Someone by Alice McDermott
If you squint, you may see on the cover of this book to the left, a review by the Sunday Telegraph which simply says ‘A beautiful book’. I wondered about this right up to the last line, and it was then, only then, that I agreed. This is indeed a beautiful book.
It is about life of the unremarkable, but unforgettable.
It is simply a story about someone.
And that someone is Marie who we meet as a young Irish-American girl in the 1920s and follow through to old age. She greets us sitting on the stoop of her Brooklyn apartment building waiting for her father and we leave her, on an average day many decades later living her endearing, yet ordinary life. But of course, the extraordinary always exists within the ordinary, so inside these years is an enormous kaleidoscope of emotions and experiences. Your heart breaks with hers, soars with hers and hardens at times too (her first love is a real ass-hat, just quietly).

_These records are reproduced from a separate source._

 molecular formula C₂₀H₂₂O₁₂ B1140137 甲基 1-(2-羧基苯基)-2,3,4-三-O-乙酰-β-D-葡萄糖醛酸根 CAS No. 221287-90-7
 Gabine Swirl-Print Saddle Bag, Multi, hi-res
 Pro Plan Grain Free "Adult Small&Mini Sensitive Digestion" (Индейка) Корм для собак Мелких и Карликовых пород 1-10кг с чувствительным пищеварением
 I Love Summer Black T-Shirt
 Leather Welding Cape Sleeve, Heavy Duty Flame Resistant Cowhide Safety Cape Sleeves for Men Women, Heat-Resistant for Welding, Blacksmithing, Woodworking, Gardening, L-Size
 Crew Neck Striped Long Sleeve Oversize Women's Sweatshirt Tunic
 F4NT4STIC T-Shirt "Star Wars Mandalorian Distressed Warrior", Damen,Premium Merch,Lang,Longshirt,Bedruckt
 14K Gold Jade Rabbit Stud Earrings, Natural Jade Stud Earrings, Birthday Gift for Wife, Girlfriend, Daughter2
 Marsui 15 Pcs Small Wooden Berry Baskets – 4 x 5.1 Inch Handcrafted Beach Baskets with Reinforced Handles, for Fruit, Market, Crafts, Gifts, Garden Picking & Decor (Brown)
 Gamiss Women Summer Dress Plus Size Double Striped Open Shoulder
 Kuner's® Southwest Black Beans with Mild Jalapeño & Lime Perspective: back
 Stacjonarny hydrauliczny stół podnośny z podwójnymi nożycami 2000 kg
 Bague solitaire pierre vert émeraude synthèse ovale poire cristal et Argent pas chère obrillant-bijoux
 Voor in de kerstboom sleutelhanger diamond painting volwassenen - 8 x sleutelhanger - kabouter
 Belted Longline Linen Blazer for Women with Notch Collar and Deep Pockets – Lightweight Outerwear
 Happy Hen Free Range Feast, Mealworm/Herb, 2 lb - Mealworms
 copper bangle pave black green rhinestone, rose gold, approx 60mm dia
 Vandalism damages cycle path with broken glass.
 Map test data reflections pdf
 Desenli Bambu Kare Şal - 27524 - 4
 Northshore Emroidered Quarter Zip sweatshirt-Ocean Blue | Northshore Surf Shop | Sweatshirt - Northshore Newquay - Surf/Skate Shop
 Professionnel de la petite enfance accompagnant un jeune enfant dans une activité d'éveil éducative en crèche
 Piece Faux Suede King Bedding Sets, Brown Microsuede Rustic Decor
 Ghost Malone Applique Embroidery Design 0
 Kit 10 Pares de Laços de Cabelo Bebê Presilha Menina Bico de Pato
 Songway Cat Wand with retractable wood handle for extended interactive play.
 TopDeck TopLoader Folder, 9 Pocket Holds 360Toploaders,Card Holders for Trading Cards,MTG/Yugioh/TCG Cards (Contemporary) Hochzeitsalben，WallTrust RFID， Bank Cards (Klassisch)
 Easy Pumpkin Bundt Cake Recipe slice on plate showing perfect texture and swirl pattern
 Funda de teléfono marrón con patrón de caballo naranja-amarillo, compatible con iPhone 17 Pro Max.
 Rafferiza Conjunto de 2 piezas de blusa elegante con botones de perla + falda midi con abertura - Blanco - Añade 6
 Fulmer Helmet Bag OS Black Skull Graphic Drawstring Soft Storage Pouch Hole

Each of us, I think, will recognise the lovely monotony and predictibility of Marie’s life. I don’t want it to sound like it’s boring, it isn’t! Just as our own lives aren’t, right? What makes this tale beautiful is the richness of humble, homegrown reality.
The story hopscotches to different times so you stay on your feet. But strangely, the way it’s told, is SO everyday, you don’t feel the need to race to it, you simply sit with it like you are having a cup of tea and catching up with folk you know well. It is familiar and comforting.
Having finished it last night, I know I will miss Marie. I will definitely miss her brother Gabe.
Ah, but such is life……ordinary or otherwise. But that is just my 2 cents worth.